◆ Task directions: Give back the full listing exactly, setting the pictures aside.

◆ Dataset content:
----
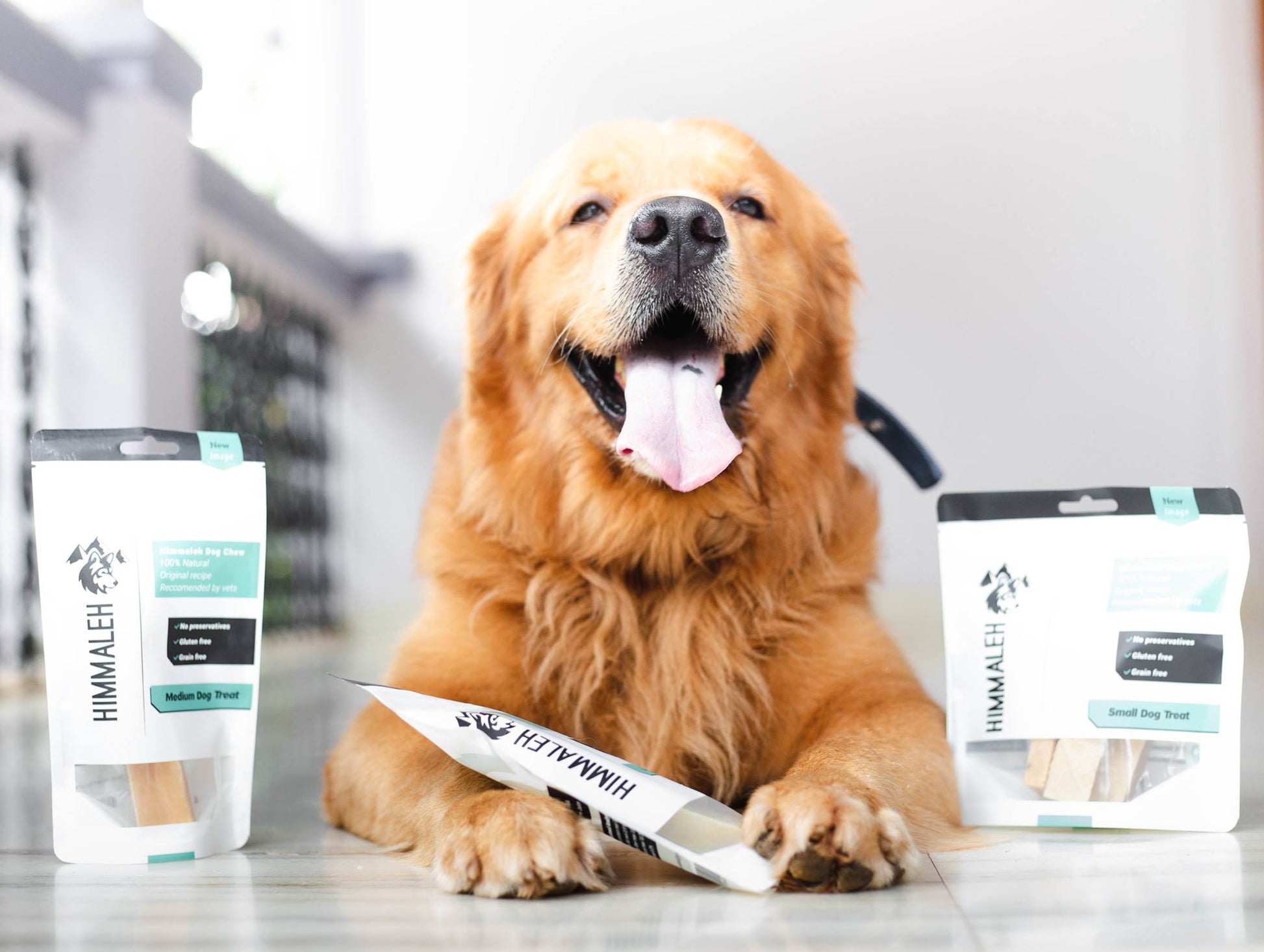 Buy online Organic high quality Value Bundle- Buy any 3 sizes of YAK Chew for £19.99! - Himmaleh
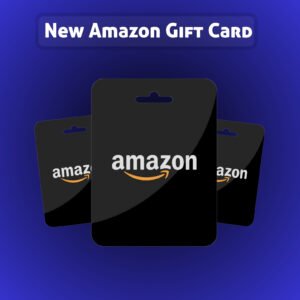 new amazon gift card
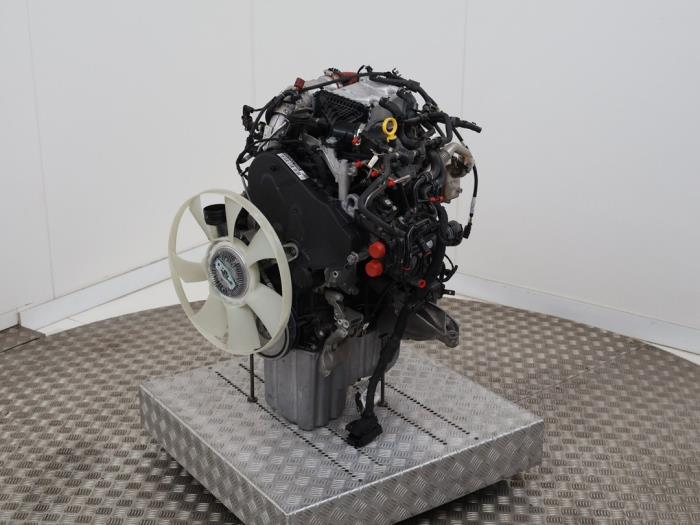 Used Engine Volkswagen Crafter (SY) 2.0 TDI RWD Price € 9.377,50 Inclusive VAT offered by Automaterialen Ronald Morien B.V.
----
◆ Exercise result:
 Buy online Organic high quality Value Bundle- Buy any 3 sizes of YAK Chew for £19.99! - Himmaleh
 new amazon gift card
 Used Engine Volkswagen Crafter (SY) 2.0 TDI RWD Price € 9.377,50 Inclusive VAT offered by Automaterialen Ronald Morien B.V.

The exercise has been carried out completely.